What is needed: Below are some entries. Repeat exactly the lines from the one with "Mercedes-Benz w123. Mercedes-Benz" through the one with "Used 2023 Lincoln", and only those.

Exercise data:
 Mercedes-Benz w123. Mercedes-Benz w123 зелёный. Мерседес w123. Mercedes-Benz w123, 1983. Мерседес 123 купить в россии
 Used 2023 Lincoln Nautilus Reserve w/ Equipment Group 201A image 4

...

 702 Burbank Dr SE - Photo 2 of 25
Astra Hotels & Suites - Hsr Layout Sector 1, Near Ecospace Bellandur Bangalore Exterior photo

Expected answer:
 Mercedes-Benz w123. Mercedes-Benz w123 зелёный. Мерседес w123. Mercedes-Benz w123, 1983. Мерседес 123 купить в россии
 Used 2023 Lincoln Nautilus Reserve w/ Equipment Group 201A image 4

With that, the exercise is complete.